Single thread CPU Linear algebra is the bottleneck of most small systems, so if you can't do that right, you are going to have problems. If you don't believe the benchmark, feel free to run them yourself.

That said, Jax also has bigger issues in it's handling of higher derivatives. Currently, it only supports a few types of jacobians, and the ones it is missing include all the sparse methods that can make your code orders of magnitude faster. https://jax.readthedocs.io/en/latest/notebooks/autodiff_cook.... DifferentialEquations, on the other hand can do automatic sparsity detection https://diffeq.sciml.ai/stable/tutorials/advanced_ode_exampl....

This post is about Big Simulations, not small systems. Like, hundreds to thousands of cores wiht parameters that don't fit in RAM on a single machine.

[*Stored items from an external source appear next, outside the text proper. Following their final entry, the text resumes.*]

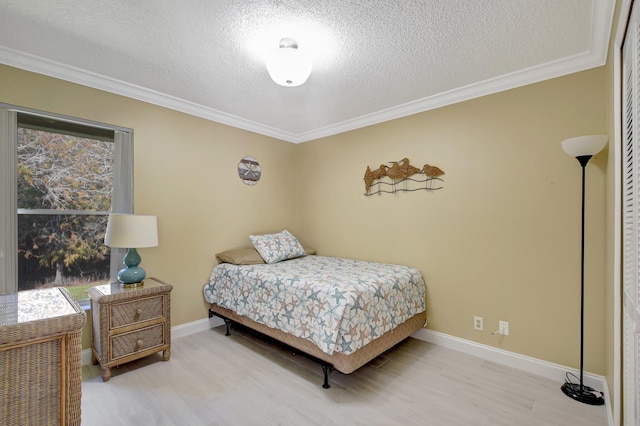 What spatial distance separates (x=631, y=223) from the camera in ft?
4.15

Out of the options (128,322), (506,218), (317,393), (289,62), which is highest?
(289,62)

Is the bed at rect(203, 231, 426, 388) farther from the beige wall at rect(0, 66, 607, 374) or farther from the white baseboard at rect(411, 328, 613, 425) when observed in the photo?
the beige wall at rect(0, 66, 607, 374)

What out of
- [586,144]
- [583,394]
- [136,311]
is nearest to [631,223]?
[586,144]

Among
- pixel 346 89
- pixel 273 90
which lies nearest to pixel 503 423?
pixel 346 89

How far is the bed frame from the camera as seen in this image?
208cm

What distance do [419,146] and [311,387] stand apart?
246cm

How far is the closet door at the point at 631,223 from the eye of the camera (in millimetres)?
1126

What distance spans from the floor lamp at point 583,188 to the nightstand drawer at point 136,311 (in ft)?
10.6

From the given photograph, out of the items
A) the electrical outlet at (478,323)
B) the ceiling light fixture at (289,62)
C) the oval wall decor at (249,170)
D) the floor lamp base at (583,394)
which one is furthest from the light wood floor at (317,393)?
the ceiling light fixture at (289,62)

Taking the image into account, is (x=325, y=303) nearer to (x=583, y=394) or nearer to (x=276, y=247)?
(x=276, y=247)

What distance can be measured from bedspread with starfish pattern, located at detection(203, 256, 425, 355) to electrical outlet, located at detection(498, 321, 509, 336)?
2.17 feet

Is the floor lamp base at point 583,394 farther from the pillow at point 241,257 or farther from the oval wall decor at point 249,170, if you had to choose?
the oval wall decor at point 249,170

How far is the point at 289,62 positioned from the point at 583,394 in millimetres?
2990

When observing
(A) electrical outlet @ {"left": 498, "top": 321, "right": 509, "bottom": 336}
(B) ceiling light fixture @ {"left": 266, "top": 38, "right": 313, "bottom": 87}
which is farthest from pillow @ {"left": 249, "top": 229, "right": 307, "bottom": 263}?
(A) electrical outlet @ {"left": 498, "top": 321, "right": 509, "bottom": 336} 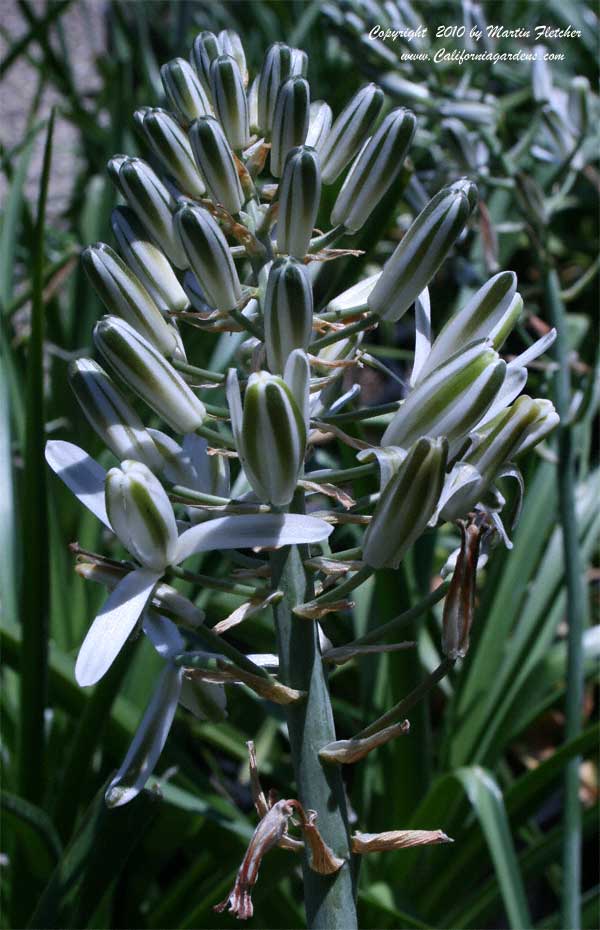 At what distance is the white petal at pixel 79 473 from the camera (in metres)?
0.60

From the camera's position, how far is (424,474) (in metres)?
0.55

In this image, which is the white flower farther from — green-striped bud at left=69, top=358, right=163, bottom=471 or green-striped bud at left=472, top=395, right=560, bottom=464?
green-striped bud at left=472, top=395, right=560, bottom=464

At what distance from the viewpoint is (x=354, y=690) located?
184 centimetres

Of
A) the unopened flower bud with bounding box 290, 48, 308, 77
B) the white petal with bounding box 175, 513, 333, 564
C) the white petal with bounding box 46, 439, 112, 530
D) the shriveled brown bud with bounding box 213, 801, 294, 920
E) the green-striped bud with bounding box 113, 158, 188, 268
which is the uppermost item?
the unopened flower bud with bounding box 290, 48, 308, 77

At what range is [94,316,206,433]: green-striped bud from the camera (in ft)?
2.01

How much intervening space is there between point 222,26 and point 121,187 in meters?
2.68

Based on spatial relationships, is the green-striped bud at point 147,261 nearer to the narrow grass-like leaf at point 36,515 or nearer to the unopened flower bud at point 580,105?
the narrow grass-like leaf at point 36,515

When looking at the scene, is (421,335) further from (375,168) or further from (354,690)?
(354,690)

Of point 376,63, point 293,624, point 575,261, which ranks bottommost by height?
point 293,624

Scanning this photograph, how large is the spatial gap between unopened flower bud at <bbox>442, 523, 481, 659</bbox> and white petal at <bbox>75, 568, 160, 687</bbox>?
0.20 metres

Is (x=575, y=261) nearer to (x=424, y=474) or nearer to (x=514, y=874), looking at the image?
(x=514, y=874)

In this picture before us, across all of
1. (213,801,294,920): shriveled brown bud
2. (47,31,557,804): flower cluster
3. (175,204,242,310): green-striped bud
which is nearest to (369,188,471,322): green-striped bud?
(47,31,557,804): flower cluster

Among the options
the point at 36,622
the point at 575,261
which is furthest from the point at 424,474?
the point at 575,261

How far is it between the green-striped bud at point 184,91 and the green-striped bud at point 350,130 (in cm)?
12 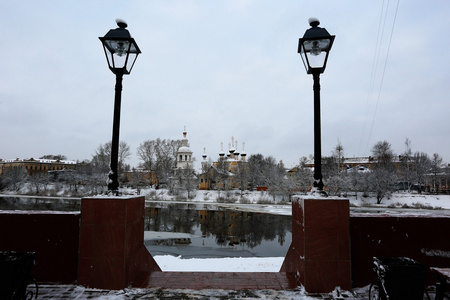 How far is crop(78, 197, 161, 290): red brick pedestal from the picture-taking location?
14.6 feet

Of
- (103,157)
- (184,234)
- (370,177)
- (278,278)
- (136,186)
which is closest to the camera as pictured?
(278,278)

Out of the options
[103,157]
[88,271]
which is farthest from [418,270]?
[103,157]

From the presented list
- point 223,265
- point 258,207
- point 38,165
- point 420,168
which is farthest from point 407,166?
point 38,165

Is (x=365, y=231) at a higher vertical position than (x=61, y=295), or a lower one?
higher

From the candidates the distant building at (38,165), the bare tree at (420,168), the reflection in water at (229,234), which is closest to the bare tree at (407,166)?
the bare tree at (420,168)

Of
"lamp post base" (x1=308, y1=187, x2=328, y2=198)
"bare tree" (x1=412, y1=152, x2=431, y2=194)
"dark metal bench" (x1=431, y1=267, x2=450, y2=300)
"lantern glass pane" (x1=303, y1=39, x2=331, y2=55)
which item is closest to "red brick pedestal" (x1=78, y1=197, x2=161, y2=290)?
"lamp post base" (x1=308, y1=187, x2=328, y2=198)

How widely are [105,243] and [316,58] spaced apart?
15.7 feet

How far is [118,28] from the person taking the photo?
210 inches

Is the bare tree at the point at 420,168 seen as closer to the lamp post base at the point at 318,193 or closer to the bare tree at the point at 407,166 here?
the bare tree at the point at 407,166

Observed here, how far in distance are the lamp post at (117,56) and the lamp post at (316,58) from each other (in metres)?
3.16

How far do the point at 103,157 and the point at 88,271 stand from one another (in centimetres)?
7705

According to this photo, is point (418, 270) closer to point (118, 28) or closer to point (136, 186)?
point (118, 28)

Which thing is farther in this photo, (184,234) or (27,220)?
(184,234)

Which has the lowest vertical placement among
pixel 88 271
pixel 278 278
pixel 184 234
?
pixel 184 234
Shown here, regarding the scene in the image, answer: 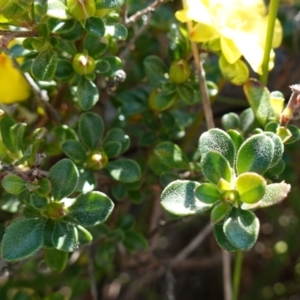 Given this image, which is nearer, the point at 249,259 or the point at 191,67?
the point at 191,67

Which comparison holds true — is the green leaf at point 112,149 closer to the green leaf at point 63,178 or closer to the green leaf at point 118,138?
the green leaf at point 118,138

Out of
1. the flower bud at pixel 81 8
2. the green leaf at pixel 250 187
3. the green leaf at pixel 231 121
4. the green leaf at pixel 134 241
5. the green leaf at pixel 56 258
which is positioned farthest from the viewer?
the green leaf at pixel 134 241

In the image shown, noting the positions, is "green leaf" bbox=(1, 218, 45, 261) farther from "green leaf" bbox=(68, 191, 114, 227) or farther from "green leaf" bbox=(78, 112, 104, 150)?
"green leaf" bbox=(78, 112, 104, 150)

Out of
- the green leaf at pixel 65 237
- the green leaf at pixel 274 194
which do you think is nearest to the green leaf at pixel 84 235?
the green leaf at pixel 65 237

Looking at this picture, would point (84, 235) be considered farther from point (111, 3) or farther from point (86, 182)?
point (111, 3)

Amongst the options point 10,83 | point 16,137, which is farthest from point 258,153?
point 10,83

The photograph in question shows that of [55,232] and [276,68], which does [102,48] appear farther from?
[276,68]

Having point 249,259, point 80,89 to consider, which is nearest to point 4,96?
point 80,89
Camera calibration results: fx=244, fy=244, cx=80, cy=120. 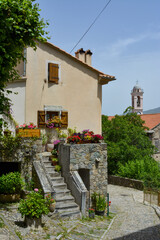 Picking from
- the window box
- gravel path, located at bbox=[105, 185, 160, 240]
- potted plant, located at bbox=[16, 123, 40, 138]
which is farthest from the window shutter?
gravel path, located at bbox=[105, 185, 160, 240]

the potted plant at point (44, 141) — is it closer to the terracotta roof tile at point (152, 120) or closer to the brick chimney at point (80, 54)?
the brick chimney at point (80, 54)

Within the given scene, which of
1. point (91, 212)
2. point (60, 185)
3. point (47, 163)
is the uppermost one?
point (47, 163)

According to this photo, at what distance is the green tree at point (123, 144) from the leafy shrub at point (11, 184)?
1360 cm

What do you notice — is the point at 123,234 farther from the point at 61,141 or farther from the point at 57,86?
the point at 57,86

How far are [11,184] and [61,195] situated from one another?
2.34 metres

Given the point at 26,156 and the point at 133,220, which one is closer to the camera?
the point at 133,220

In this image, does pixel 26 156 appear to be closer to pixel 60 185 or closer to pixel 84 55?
pixel 60 185

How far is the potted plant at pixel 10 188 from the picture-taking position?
34.6 feet

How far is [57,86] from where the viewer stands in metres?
15.6

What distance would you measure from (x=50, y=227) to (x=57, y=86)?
29.5 feet

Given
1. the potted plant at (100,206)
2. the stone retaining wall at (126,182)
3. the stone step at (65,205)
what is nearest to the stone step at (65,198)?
the stone step at (65,205)

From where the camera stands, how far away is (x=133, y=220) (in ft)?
36.3

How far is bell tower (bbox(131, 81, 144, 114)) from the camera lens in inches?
1880

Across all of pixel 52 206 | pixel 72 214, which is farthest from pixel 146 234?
pixel 52 206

I am sure the benchmark produces the numbers the author says, but it's not measuring something useful to the posters of this simulation.

XLA only optimizes quasi-static code, which does not include adaptive numerical solvers like those for ODEs. It's a generally good assumption for ML though, but there are ways to break it. I wrote a piece showcasing some ideas around that: https://www.stochasticlifestyle.com/useful-algorithms-that-a...
IIUC people have already run MD (which is the field I used to work in) on XLA, https://twitter.com/sschoenholz/status/1334997741185814530 In these cases it's almost always better (unless you are a numerical genius) to port to the engine, than to try to make a better algorithm that runs on a smaller engine.
Yes, that has nothing to do with what I just said though. Of course MD is fine because symplectic ODE solvers cannot generally have adaptivity (without tricky and very expensive handling of `t` inside of the Hamiltonian which nobody does because it's still an active research topic how to make it computationally viable). So MD gets a quasi-static code which XLA is fine with optimizing. I was explicitly talking about the non-quasi-static cases.
I've worked in ODEs for 20+ years and I don't think that non-quasi-static solvers have really ever come up. Are these commonly used? IE, how much CPU/GPU/TPU time is spent on them globally and how useful are they?
Have you used almost any ODE solver? Almost every single one uses embedded methods to adapt time steps. ode23, ode45, ode23t, ode23tb, ode15s, LSODE, LSODA, radau, rodas, VODE, CVODE, ... even for DAEs you have DASSL, IDA, ... I can keep going but it's just listing every ODE solver code out there. Once you do that then the computation is dependent on values and thus the full compute is not determined by the input sizes, which is something known to be blocking the full usage in Jax because of XLA limitations (for example the implementation of dense output).
I'm also surprised that XLA.jl doesn't seem to have had continued development: https://github.com/FluxML/XLA.jl

When in doubt, piggybacking on (or at least interoperating with) what the large technology companies are investing in is probably savvy, sort of what the OP did.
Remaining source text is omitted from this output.